The end credits for Mallrats are fascinating for what they say about Smith and how he saw himself and his films at that curious, uncertain juncture. He thanks independent pioneer John Pierson for “keeping me pure,” which might seem hypocritical coming from a filmmaker following up a low-budget Sundance sensation with a filthy studio comedy involving a naked fortune-teller played by a lesser Three’s Company alum. Yet in its own strange way, Mallrats really does feel pure. It’s nearly as pure a representation of Smith’s sensibility as Clerks. It’s not as if Smith wanted to make an intense character study about a tormented social worker in Watts and his struggles with bipolar disorder, but was roped into making a junky teen-sex romp; this is clearly the junky teen-sex romp near and dear to his heart. Mallrats is an incredibly personal film, except that because this is Smith we’re talking about, that intense personal engagement takes the form of banter about superheroes’ genitalia and winking nods to Degrassi Junior High.

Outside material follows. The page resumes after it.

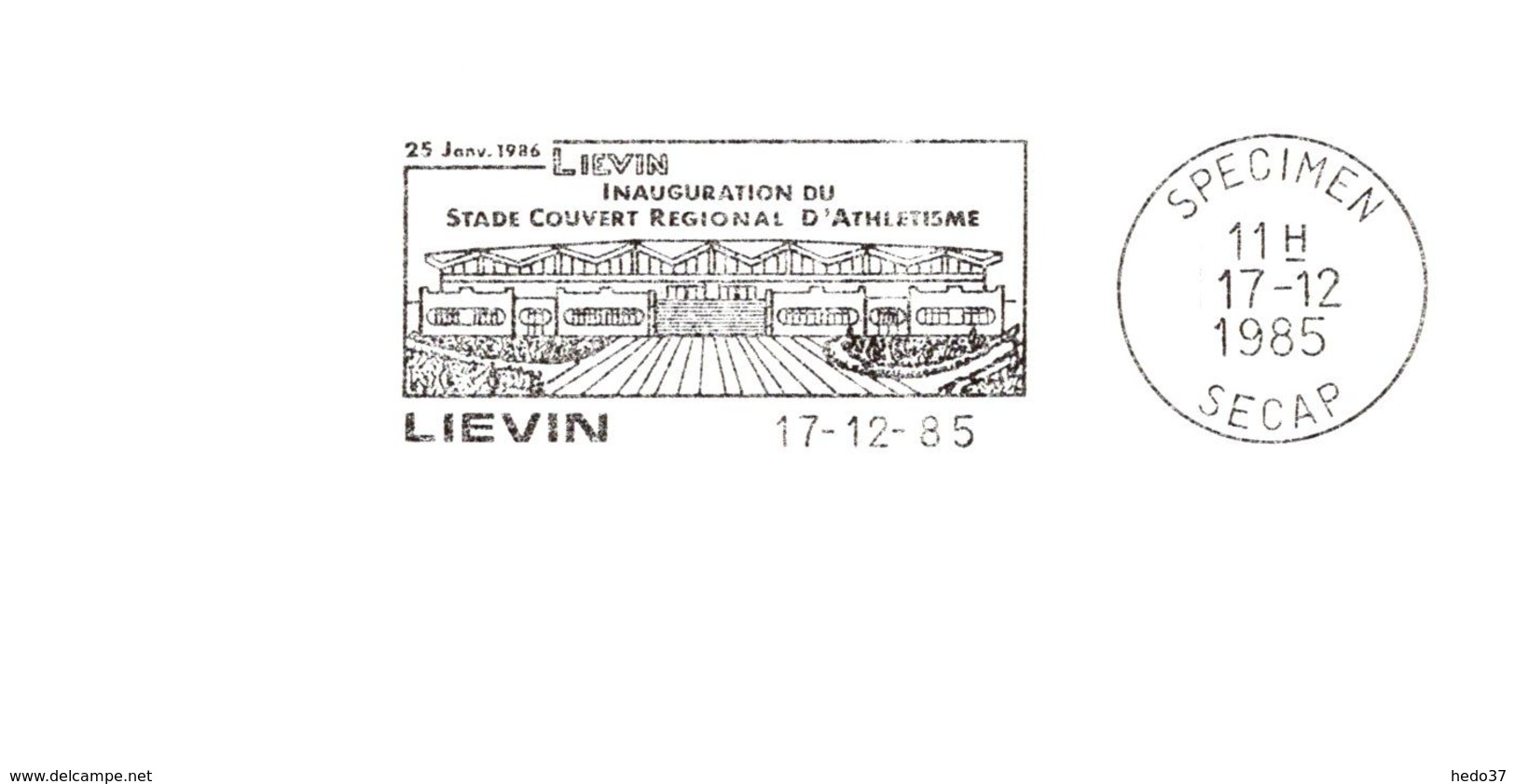 Département Du Pas De Calais - Lievin - Flamme Secap SPECIMEN - Mechanical Postmarks (Advertisement)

Mallrats also concludes with a dedication, this one thanking, “John Landis and John Hughes—For giving me something to do throughout my youth on Friday night.” In retrospect, it seems a lot more fitting for Smith to thank Landis than it does for him to thank Hal Hartley. Landis went from making homemade comedies guerrilla-style (and, delightfully enough, gorilla-style, in the case of his debut, Schlock) to being one of the biggest commercial filmmakers of the 1980s. If the 1980s-style Mallrats had been the big hit Universal was expecting, it’s possible that Smith might have followed Landis’ trajectory and become a major mainstream hitmaker, making the Coming To America and Trading Places of his generation. But probably not.

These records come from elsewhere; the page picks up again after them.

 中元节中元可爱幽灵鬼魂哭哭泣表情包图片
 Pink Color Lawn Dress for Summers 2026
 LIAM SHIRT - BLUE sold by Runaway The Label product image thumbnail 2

Like Wes Anderson and Quentin Tarantino, Smith fills his films with what he loves. But where Anderson’s films can feel like an immaculately put-together museum of their creator’s pet obsessions, and Tarantino’s can feel like a massive cinema archive of the distant past, Smith’s films feel more like a video store where porn videocassettes are stacked haphazardly next to superhero comic books and 1980s videogames, and no one seems to have mopped or tidied up in many, many weeks. Tarantino transforms the trash of his childhood and pop-culture-crazed adolescence into art. Smith transforms the trash of his childhood and pop-culture-crazed adolescence into the trash of today. As Smith’s devoted cult attests, there’s a place for that. There are a lot of folks happy to hang out in a comfy, dumpy place.